Load Test

What is a Load Test?

A Load Test is a type of non-functional test which verifies the performance of an application or system under a peak user/volume condition. This test also validates the resource usage, stability and reliability of the software system under peak load.

What is Peak Load?

Peak Load is the highest load (in terms of user or volume) identified during a day, a month or a year depending upon the production data selection criteria. To understand the peak load refer to the below graph.

Peak Load Graph
Figure 1: Production Data Graph to identify the Peak Load

This graph shows the number of active customers per day in Jun. The highest number of active customers is 927 on 30th Jun. Hence 927 is the peak load.

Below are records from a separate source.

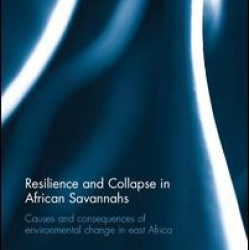 Resilience and Collapse in African Savannahs Resilience and Collapse in African Savannahs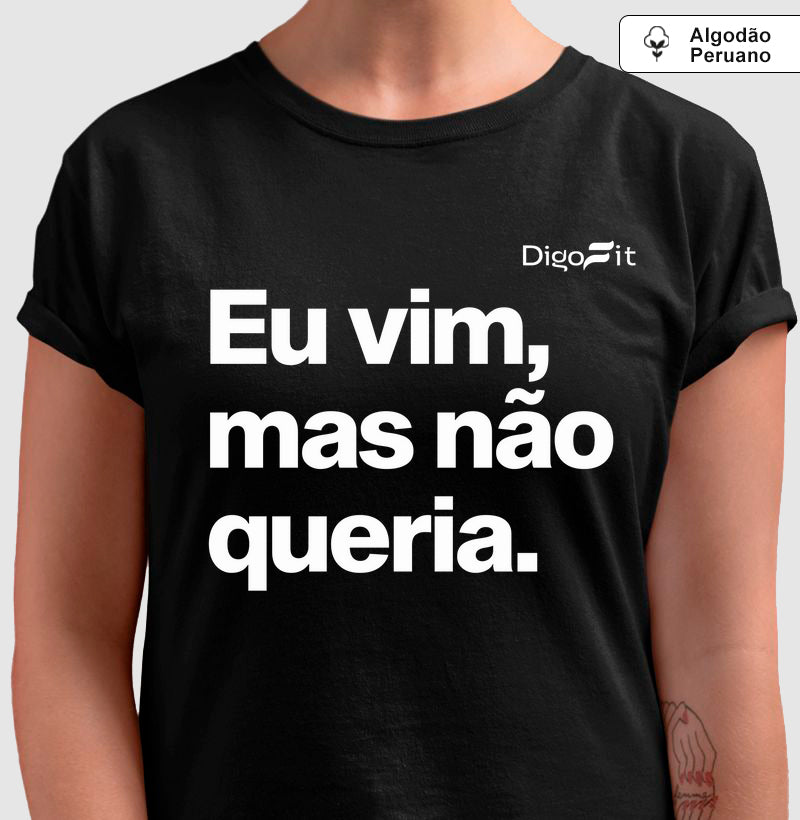EU VIM MAS NÃO QUERIA
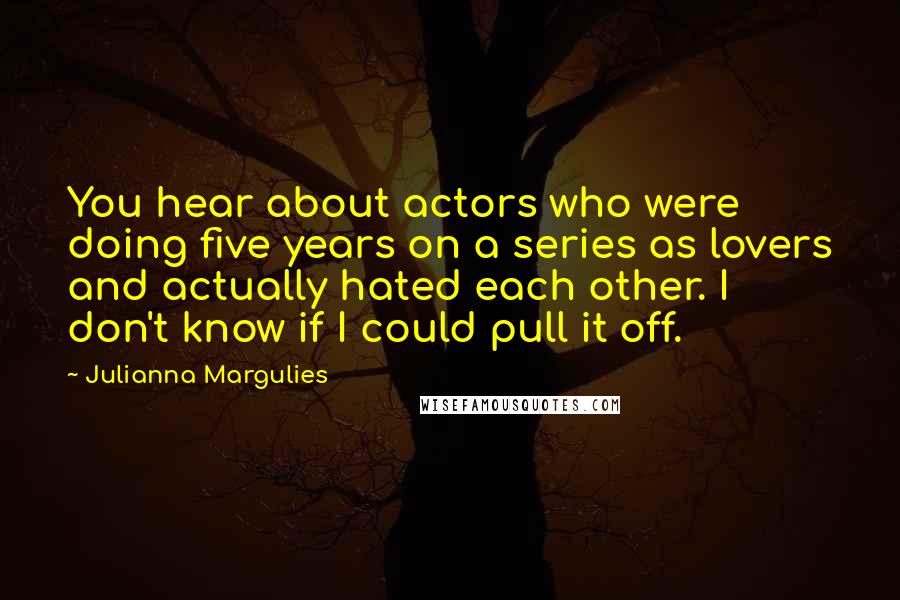 Julianna Margulies Quotes: You hear about actors who were doing five years on a series as lovers and actually hated each other. I don't know if I could pull it off.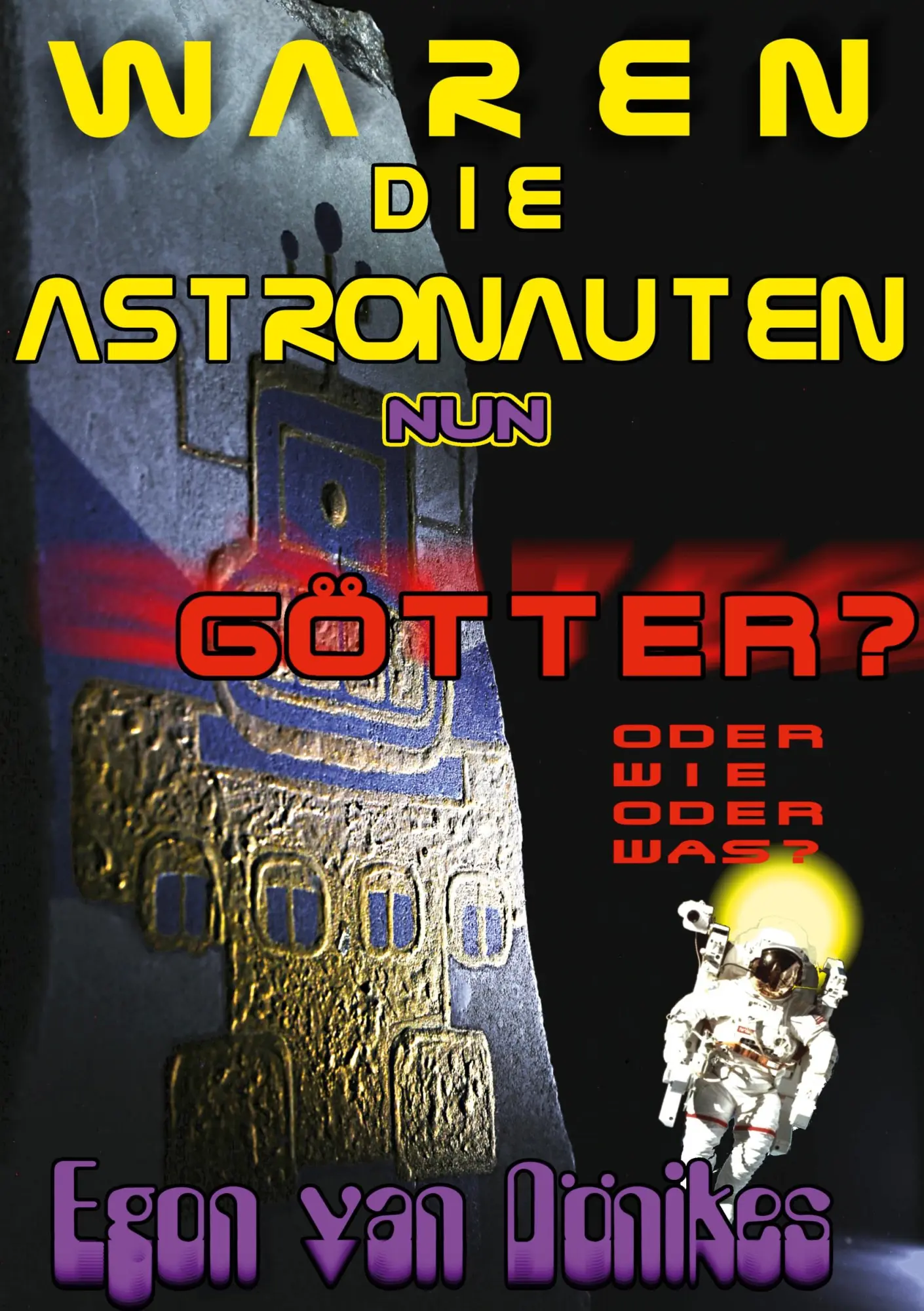 Cover: 9783757860325 | Waren die Astronauten nun Götter? | Egon van Dönikes | Taschenbuch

For a new application: Since a new application does not have any production data, then the peak load needs to be predicted. The client or project business analyst (BA) confirms the expected peak volume of the application. A performance tester can use the expected peak load to prepare the workload model for the load test.

Purpose of Load Test:

  1. To Identify whether the application can handle the peak load
  2. Observe the behaviour of the application in terms of response time
  3. To check whether the resources (CPU, Memory and Disk) do not breach the defined performance limit
  4. To identify if there is any bottleneck

Load Test is also conducted in a regression manner to identify the performance issue due to the weekly, fortnightly or monthly code releases.

Approach:

The NFR document has some separate sets of NFRs for the load test. These NFRs are related to the count of peak user load, response time, transactions per second etc. A performance tester designs the workload model using these NFRs and executes the test. Ideally, the duration of the load test is 1 hour (excluding the ramp-up and ramp-down period). A typical load test user graph is:

Load Test
Figure 2: A Typical Load Test Graph

The above graph has a steady state of 1 hour along with 10 minutes ramp-up and 10 minutes ramp-down period. Therefore the test will run for 1 hour and 20 minutes. After completion of the test, a performance tester verifies the result against the defined load test NFRs.